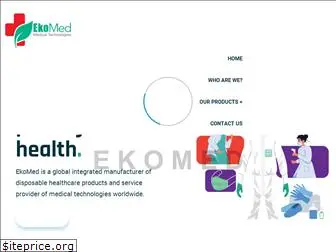 ekomed.health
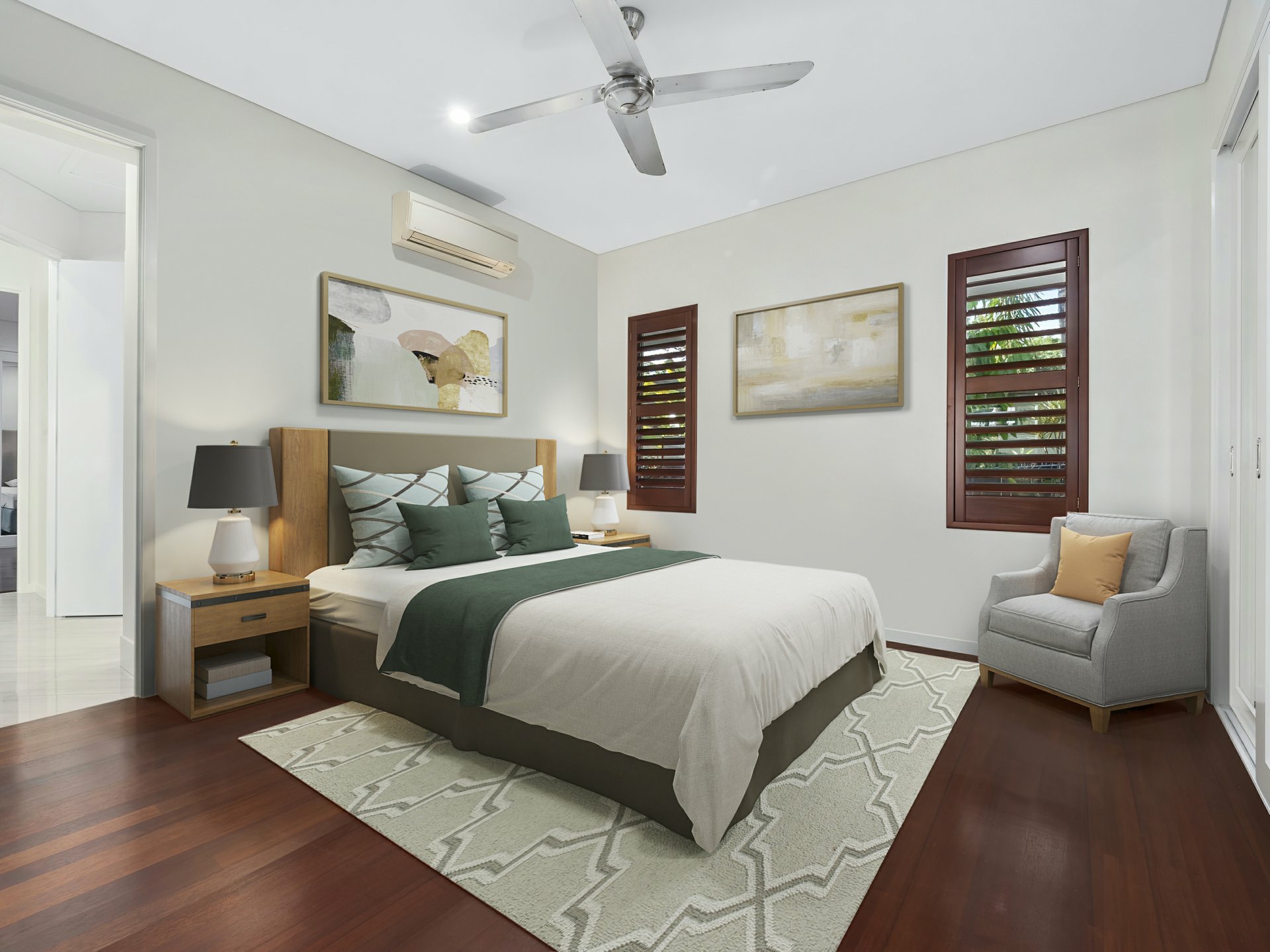 13 Lillian Road, PALM COVE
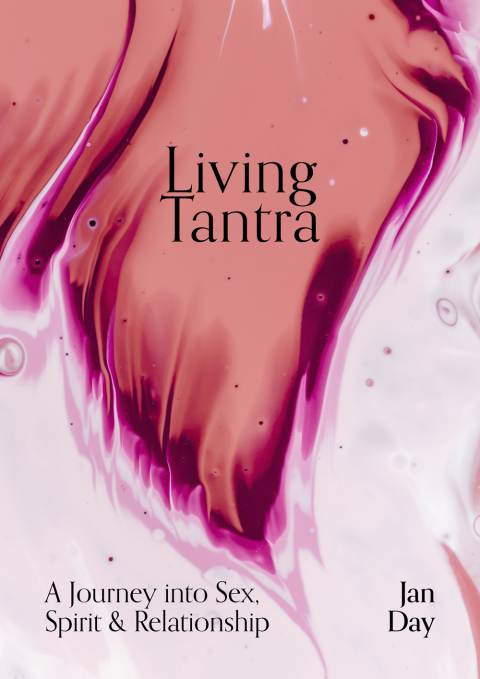 Cover image for book Living Tantra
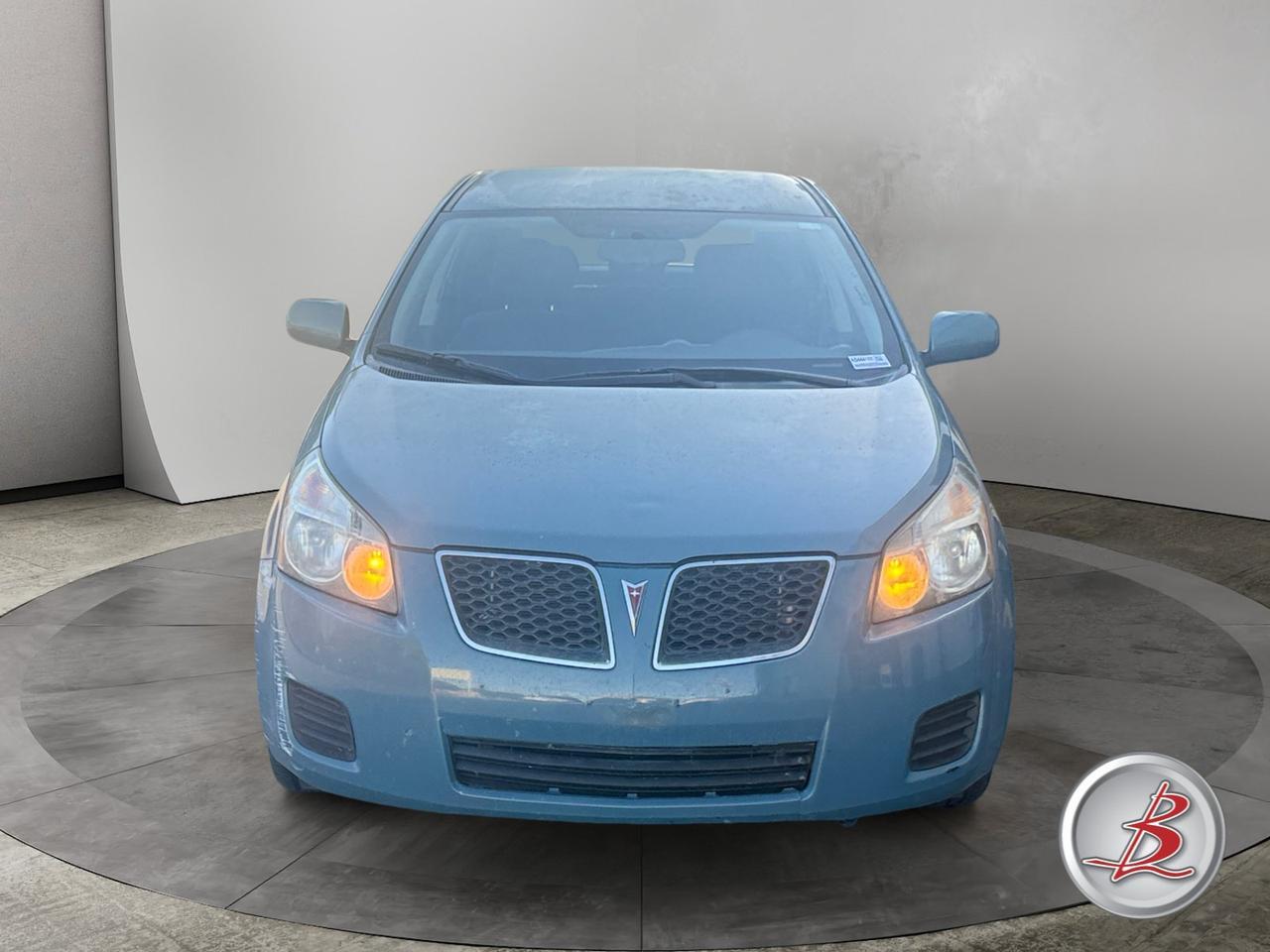 2009 Pontiac VIBE w/1SB Salt Lake City UT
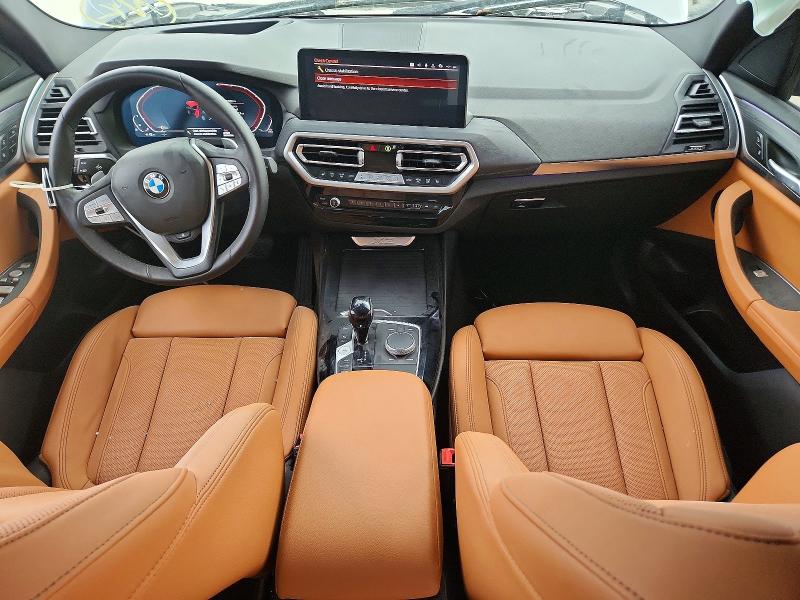 Продаж на аукціоні авто 2024 Bmw X3, vin: 5UX43DP06R9T42582, номер лоту: 53546536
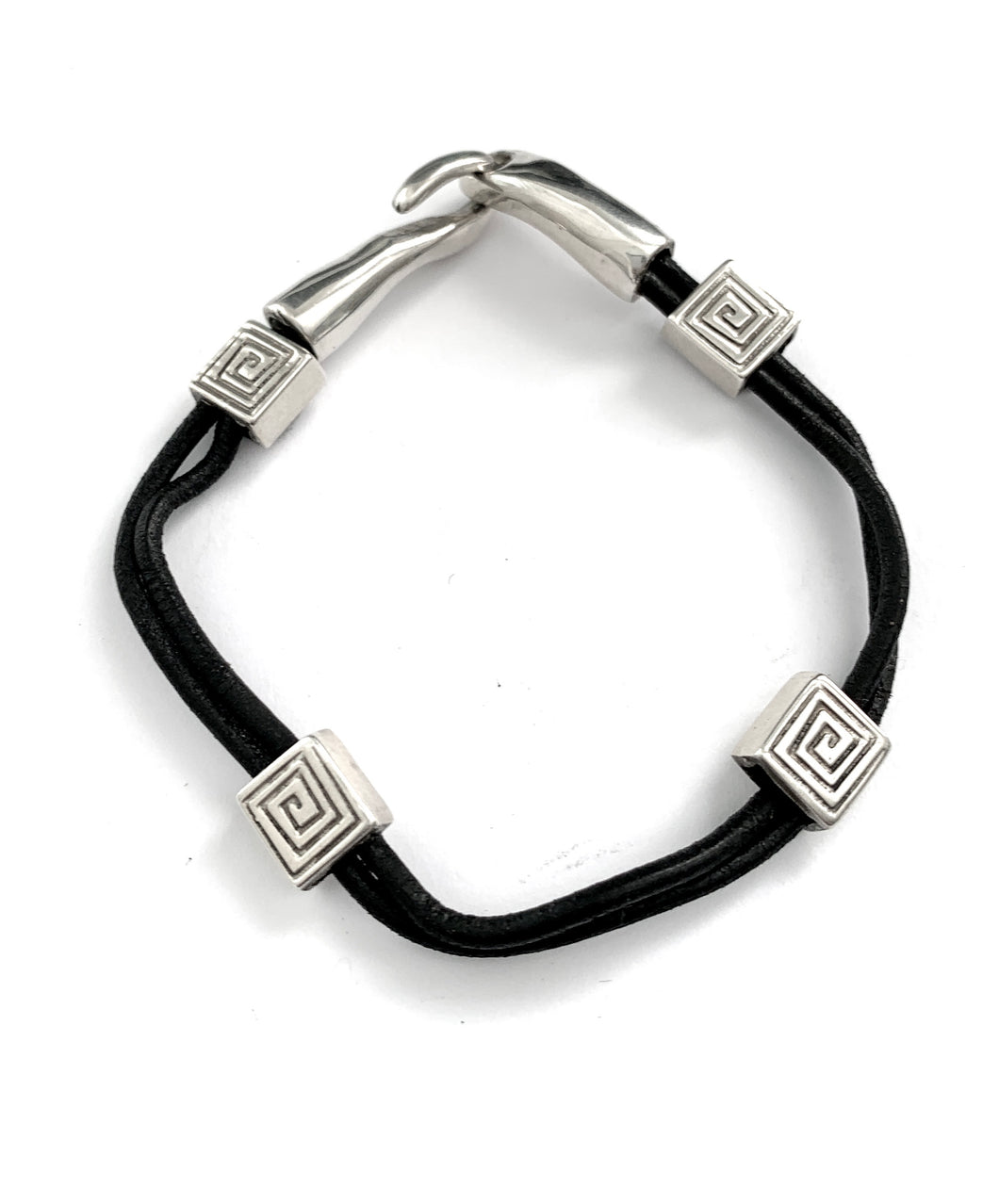Silver Bracelet - B5048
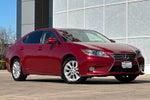 2013 Lexus ES 300h
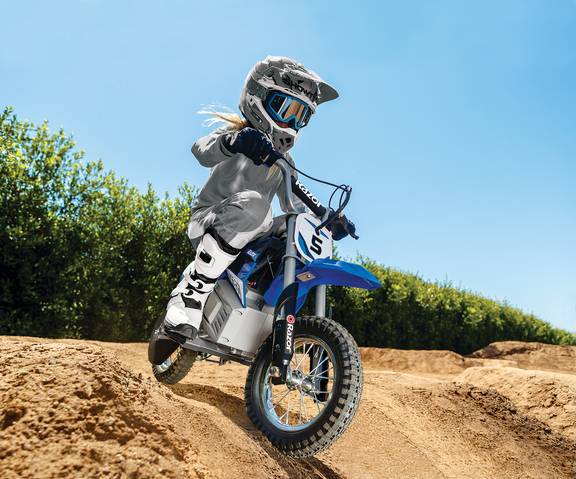 Razor MX350 Dirt Rocket - Image 2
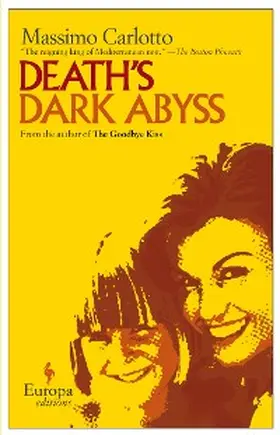 Carlotto |  Death's Dark Abyss | eBook | Sack Fachmedien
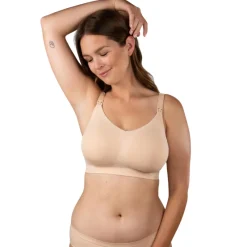 Nursing Bras & Tanks|Bravado Designs Body Silk Seamless Nursing Bra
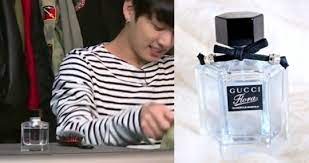 Entdecke düfte für stilsichere herren. Kpop Duck Jungkook Smells Good And He Knows It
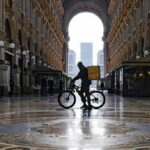 İtalya'da-yemek-siparişi-hizmeti-veren-4-şirkete-733-milyon-euroluk-ceza--'Kuryeler-köle-değil'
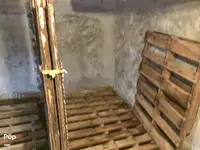 Tàu kéo lưới để bán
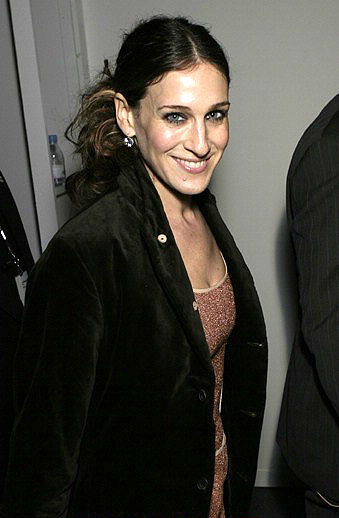 Sarah Jessica Parker Nue 101 Photos Biographie News De Stars Les 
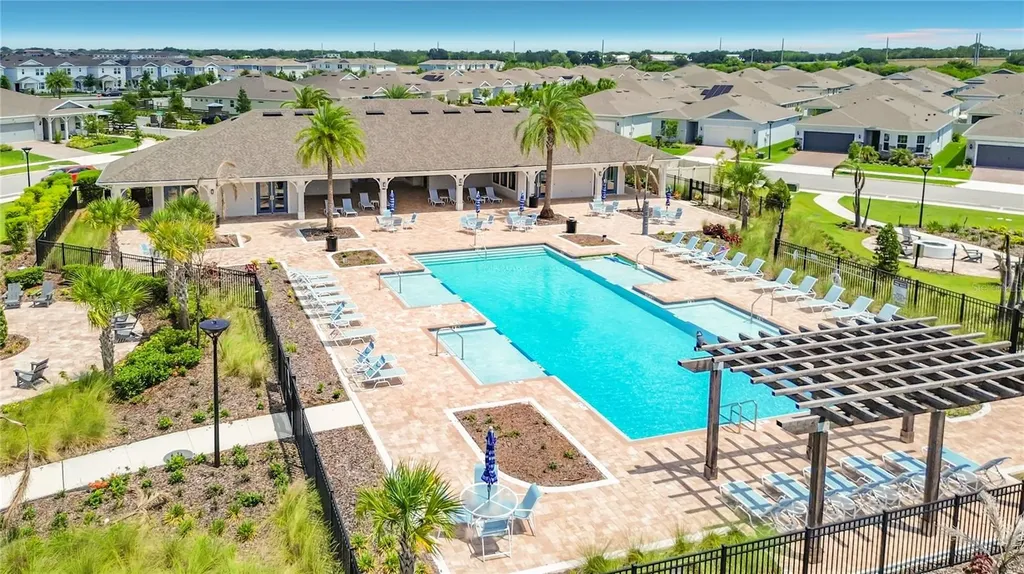 1974 Spring Shower Circle Kissimmee FL 34744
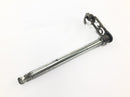 Yamaha WR 125 X DE07 [2010] - Schaltwelle Schalthebelwelle Schaltmechanik-4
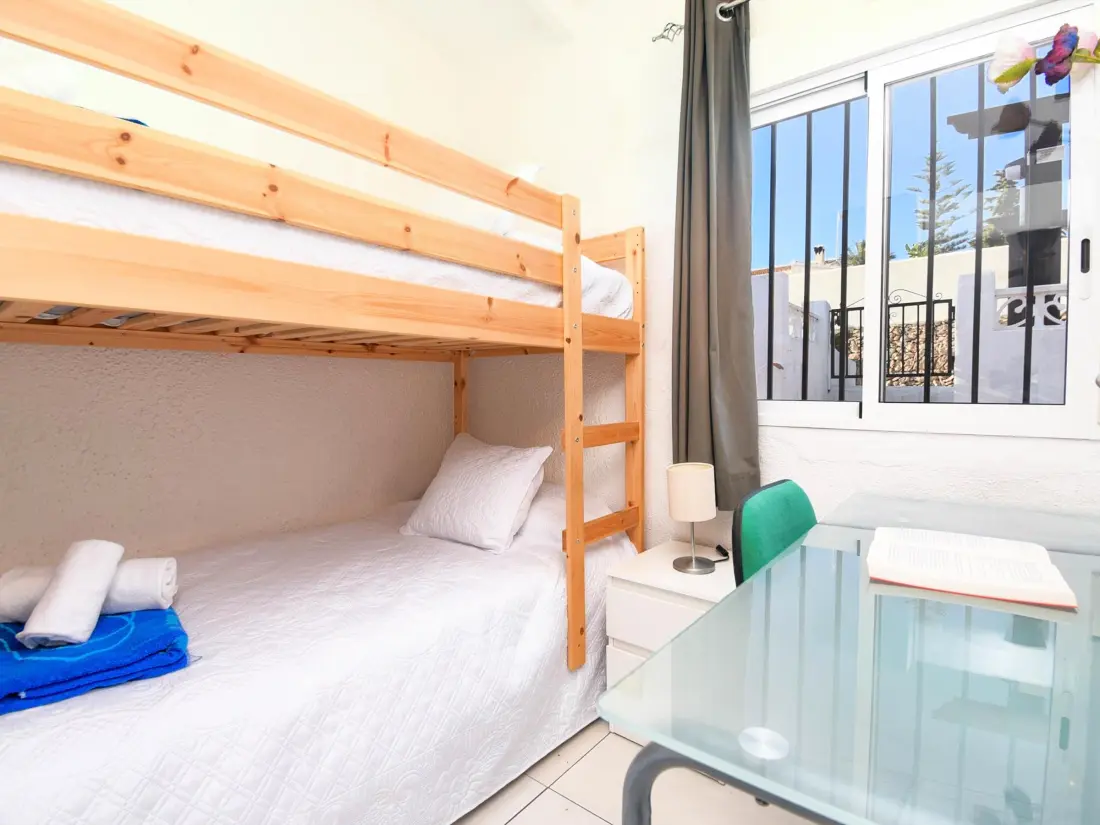 Maison de Vacances Moravit 69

**********

_WHAT THE EXERCISE ASKS:_
Print the lines from the one that contains "13 Lillian Road, PALM COVE" through the last line of the data, exactly and in full, and no other lines. Pictures are not part of the copy.

_ANSWER BELOW:_
 13 Lillian Road, PALM COVE
 Cover image for book Living Tantra
 2009 Pontiac VIBE w/1SB Salt Lake City UT
 Продаж на аукціоні авто 2024 Bmw X3, vin: 5UX43DP06R9T42582, номер лоту: 53546536
Silver Bracelet - B5048
 2013 Lexus ES 300h
 Razor MX350 Dirt Rocket - Image 2
 Carlotto |  Death's Dark Abyss | eBook | Sack Fachmedien
 Nursing Bras & Tanks|Bravado Designs Body Silk Seamless Nursing Bra
 Entdecke düfte für stilsichere herren. Kpop Duck Jungkook Smells Good And He Knows It
 İtalya'da-yemek-siparişi-hizmeti-veren-4-şirkete-733-milyon-euroluk-ceza--'Kuryeler-köle-değil'
 Tàu kéo lưới để bán
 Sarah Jessica Parker Nue 101 Photos Biographie News De Stars Les 
 1974 Spring Shower Circle Kissimmee FL 34744
 Yamaha WR 125 X DE07 [2010] - Schaltwelle Schalthebelwelle Schaltmechanik-4
 Maison de Vacances Moravit 69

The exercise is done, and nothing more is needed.